Verbatim transcription with images omitted: return the entries below in full.

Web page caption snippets
==========

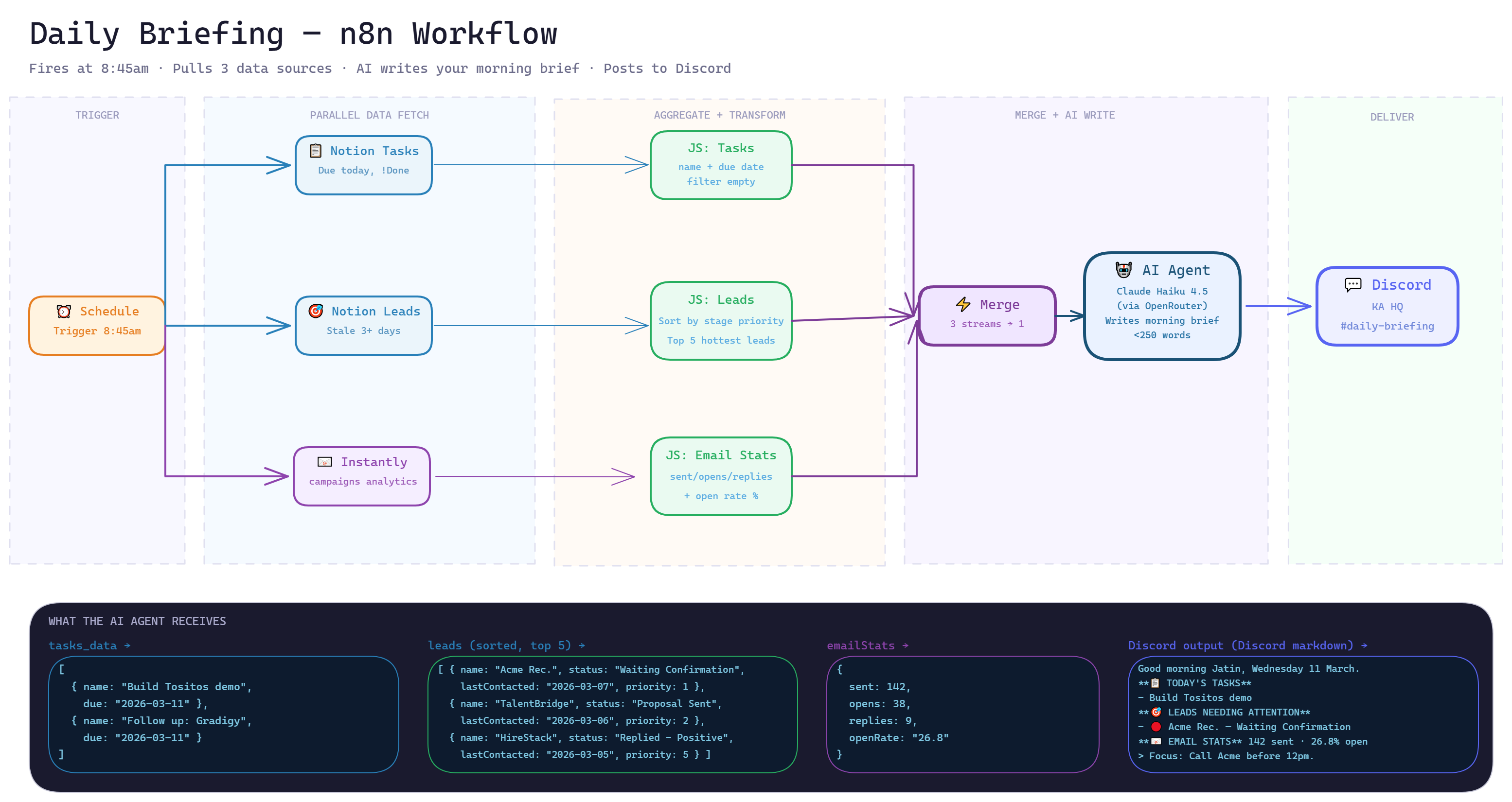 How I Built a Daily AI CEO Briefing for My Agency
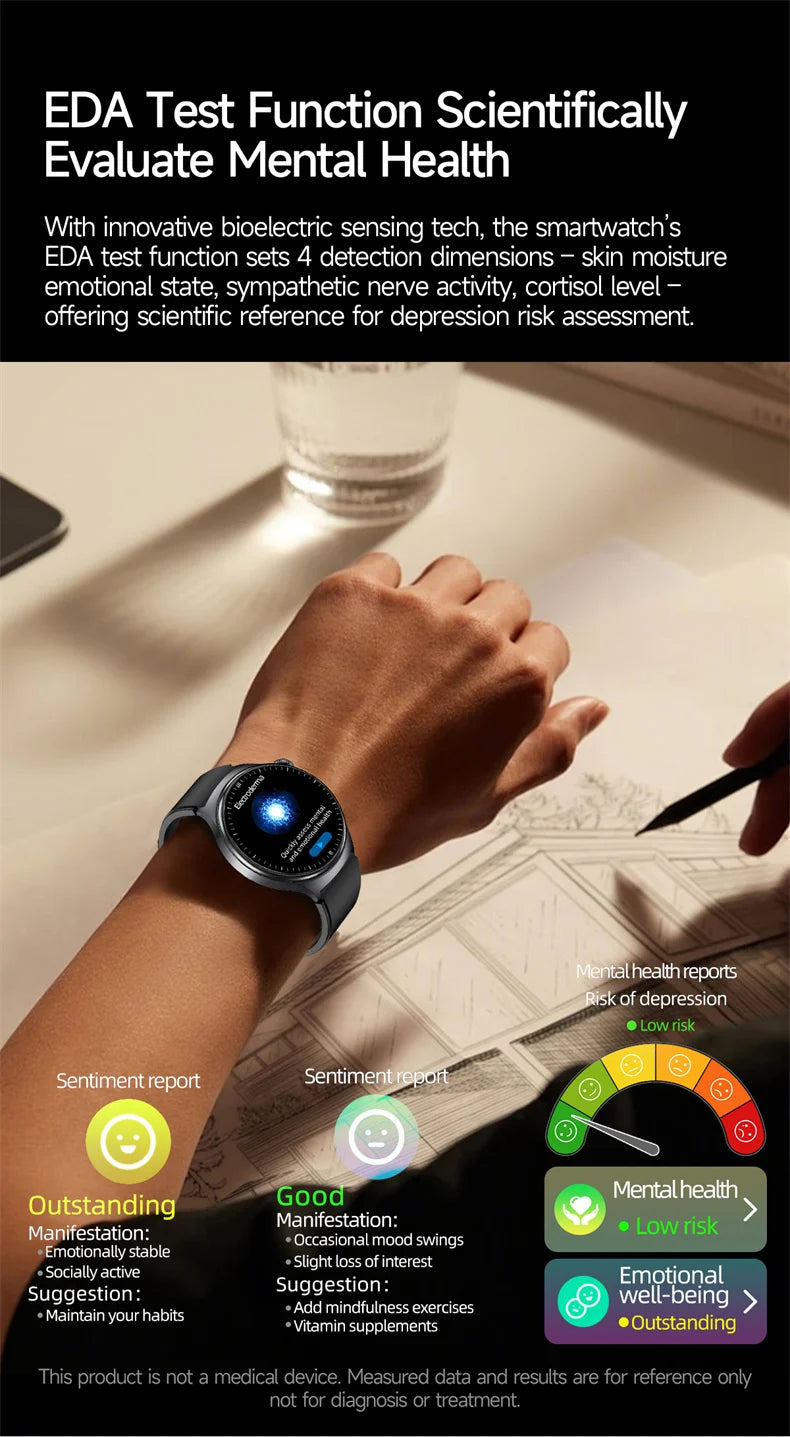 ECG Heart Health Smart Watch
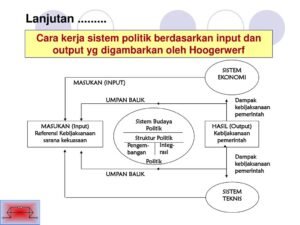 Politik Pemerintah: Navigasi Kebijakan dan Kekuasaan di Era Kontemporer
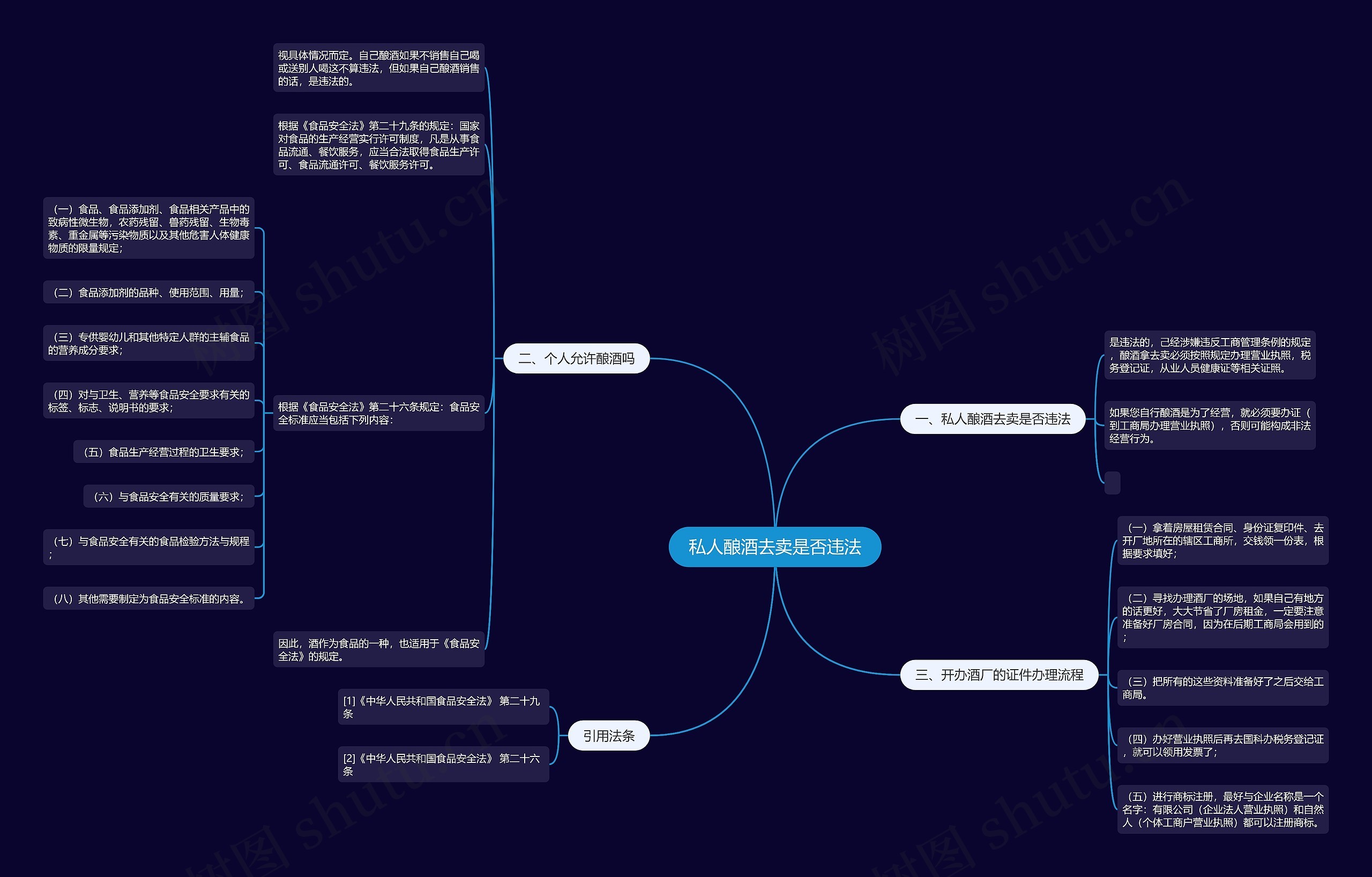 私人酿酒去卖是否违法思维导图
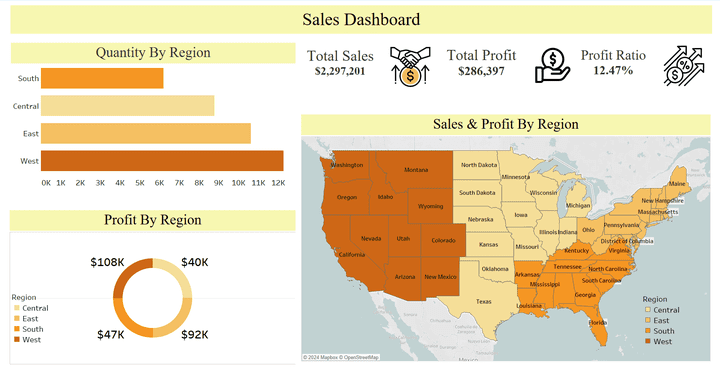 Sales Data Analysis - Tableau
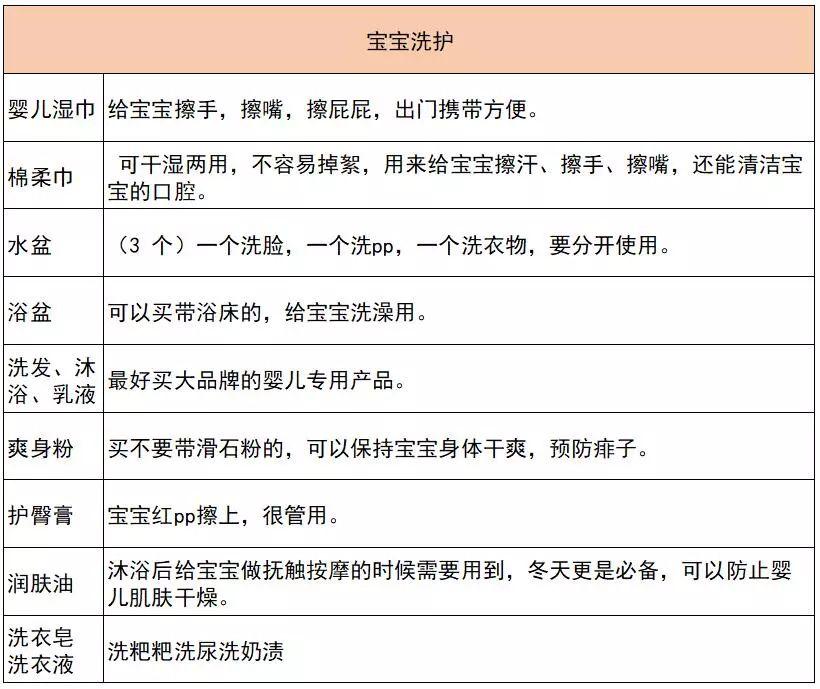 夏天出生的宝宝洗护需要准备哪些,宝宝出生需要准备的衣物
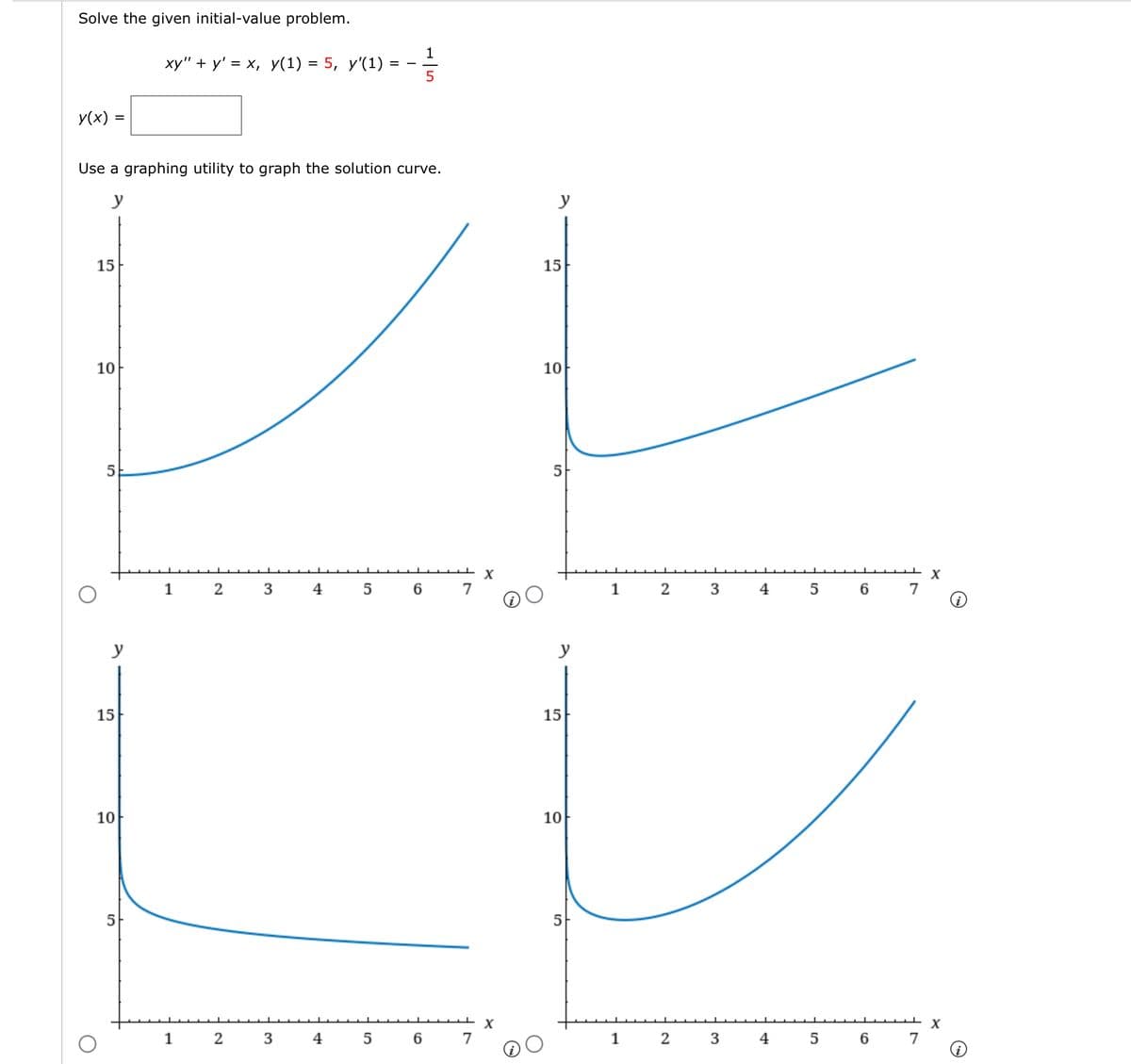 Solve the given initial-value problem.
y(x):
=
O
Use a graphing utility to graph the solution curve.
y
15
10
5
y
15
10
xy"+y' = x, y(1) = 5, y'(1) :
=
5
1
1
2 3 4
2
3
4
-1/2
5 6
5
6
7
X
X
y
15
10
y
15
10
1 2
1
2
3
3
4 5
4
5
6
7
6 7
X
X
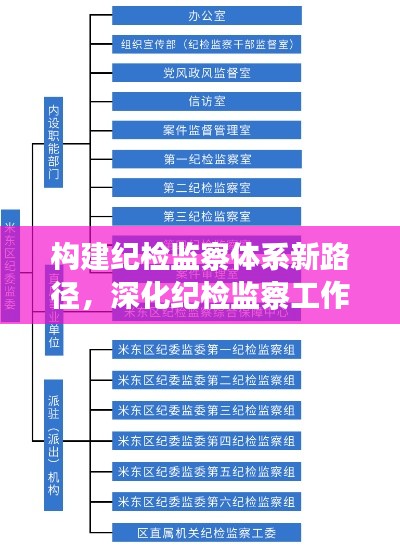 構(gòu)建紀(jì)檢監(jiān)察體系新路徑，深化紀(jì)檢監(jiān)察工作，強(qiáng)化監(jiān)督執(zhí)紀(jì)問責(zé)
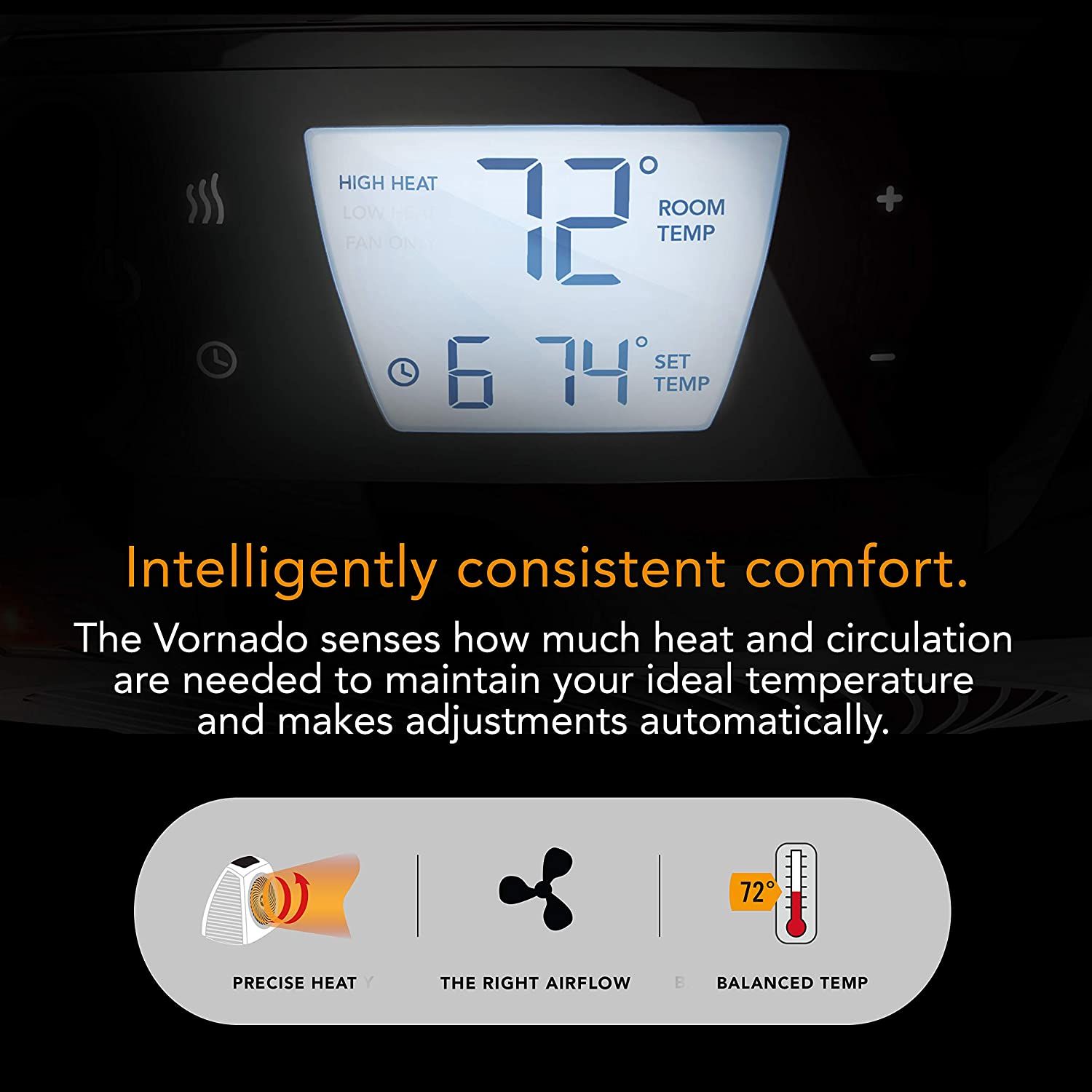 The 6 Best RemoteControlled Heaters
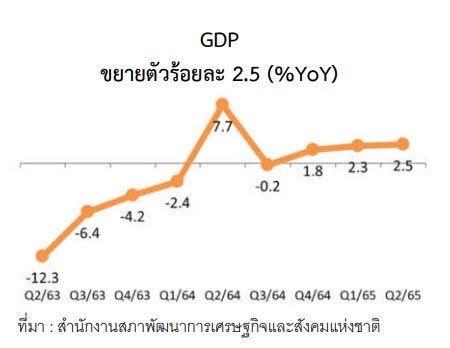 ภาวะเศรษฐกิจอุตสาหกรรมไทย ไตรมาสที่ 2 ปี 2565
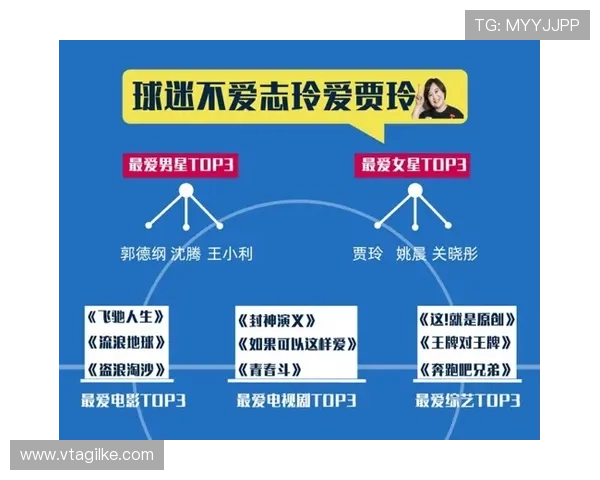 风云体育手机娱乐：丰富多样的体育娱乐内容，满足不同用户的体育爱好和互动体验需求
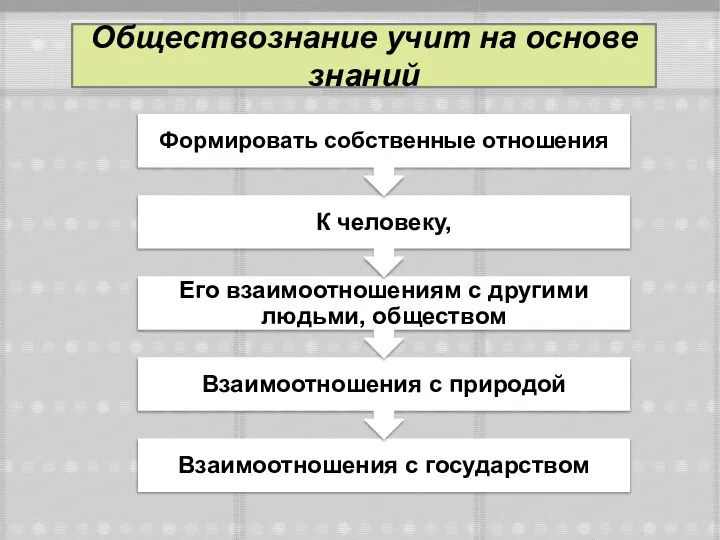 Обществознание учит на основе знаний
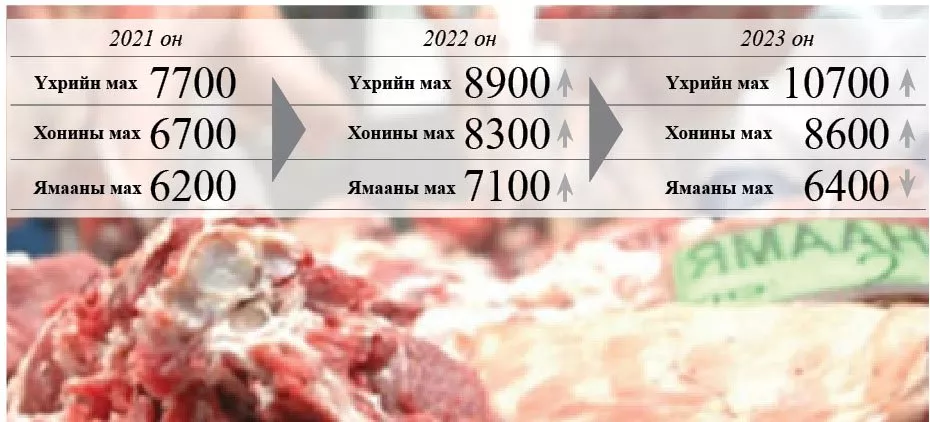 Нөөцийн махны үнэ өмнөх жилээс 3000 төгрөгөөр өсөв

==========

## Solution to this exercise
 How I Built a Daily AI CEO Briefing for My Agency
 ECG Heart Health Smart Watch
 Politik Pemerintah: Navigasi Kebijakan dan Kekuasaan di Era Kontemporer
 私人酿酒去卖是否违法思维导图
 Sales Data Analysis - Tableau
 夏天出生的宝宝洗护需要准备哪些,宝宝出生需要准备的衣物
 Solve the given initial-value problem.
y(x):
=
O
Use a graphing utility to graph the solution curve.
y
15
10
5
y
15
10
xy"+y' = x, y(1) = 5, y'(1) :
=
5
1
1
2 3 4
2
3
4
-1/2
5 6
5
6
7
X
X
y
15
10
y
15
10
1 2
1
2
3
3
4 5
4
5
6
7
6 7
X
X
 構(gòu)建紀(jì)檢監(jiān)察體系新路徑，深化紀(jì)檢監(jiān)察工作，強(qiáng)化監(jiān)督執(zhí)紀(jì)問責(zé)
 The 6 Best RemoteControlled Heaters
 ภาวะเศรษฐกิจอุตสาหกรรมไทย ไตรมาสที่ 2 ปี 2565
 风云体育手机娱乐：丰富多样的体育娱乐内容，满足不同用户的体育爱好和互动体验需求
 Обществознание учит на основе знаний
 Нөөцийн махны үнэ өмнөх жилээс 3000 төгрөгөөр өсөв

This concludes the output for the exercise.